Do you think it should be a warts all and all set of recipes – that is the ones that didn’t work or were just badly made? And do you think they should include the other bits of the blog posts about weather, passing bits of nature and people? I’m now getting quite excited … pity packing calls – a vanful of 2 daughter’s possessions is due to take things north on Saturday morning, so no slacking.
Hmm. I think it would depend on the emphasis of the book. If it is essentially a memoir (and I like this idea!) with the biscuit recipes as a running theme, then I would probably encourage you to include those that were less than successful. If it is more of a biscuit recipe book, albeit with with observation and comment, then perhaps leave out those that you felt didn’t work. I can’t think how I could help, but if I can, please feel free to ask! (Having encouraged you to do it I feel the least I can do is a bit of recipe testing or sub editing!). Hope the packing is going well, it is a mammoth task. X
Your thoughts are very helpful, Penny and have joined my own sloshing around as an undercurrent in the back of my head while I get on with other things – which I find is often the best way when you want something constructive to emerge. Whatever happens, many thanks for your encouragement and continuous support.

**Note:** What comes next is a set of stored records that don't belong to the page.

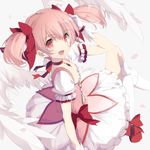 absurdres bad_id bad_pixiv_id bubble_skirt feathered_wings gloves hand_on_head highres kaname_madoka mahou_shoujo_madoka_magica misteor pink_eyes pink_hair short_hair sitting skirt socks solo twintails white_gloves white_legwear wings 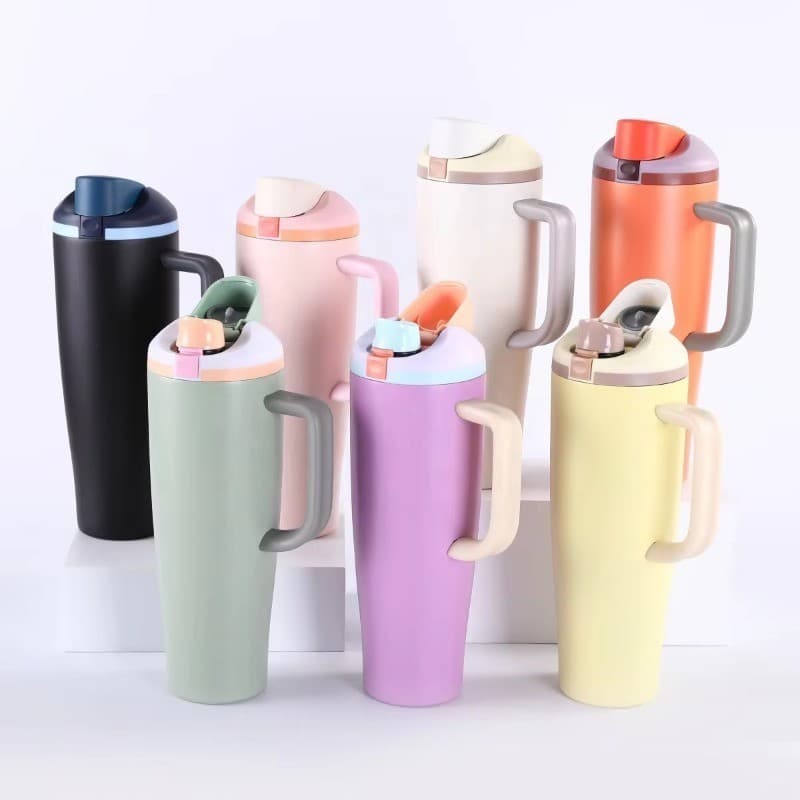 Nova Garrafa Térmica de Aço Inoxidável com Alça, 1200ml, Copo para Carro, Grande Capacidade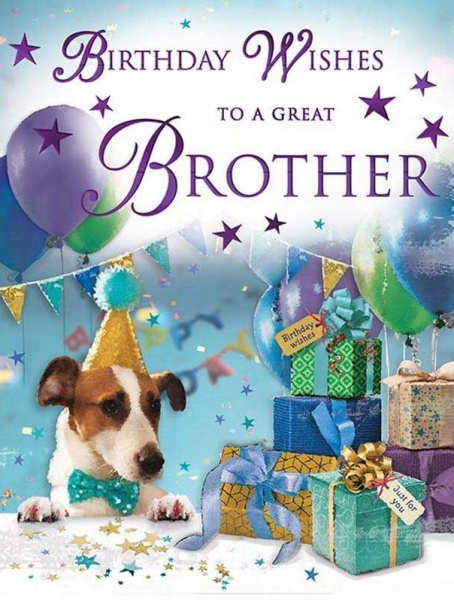 Birthday Dog Brother Birthday Card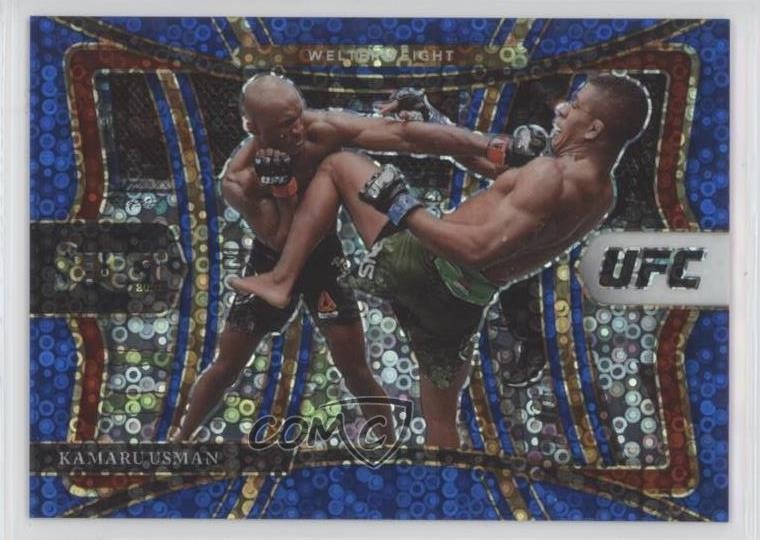 2021 Panini Select UFC Premier Level Blue Disco Prizm 93/99 Kamaru Usman 02vy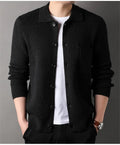 Twist jacquard lapel cardigan men's loose fit knit top coat in black gray beige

Keep thinking Mary and I am sure the best format for you will arrive. I do like the idea of a memoir with recipes and like Penny am ready to roll up my sleeves and assist if I can. i am wondering if I have any recipes to send to you, but I think you may have out-biscuited us all!
Thank you for such a helpful comment.
I would love to hear your favourite biscuit recipes as I wonder whether The Church Biscuit ever make it all the way through the 90s.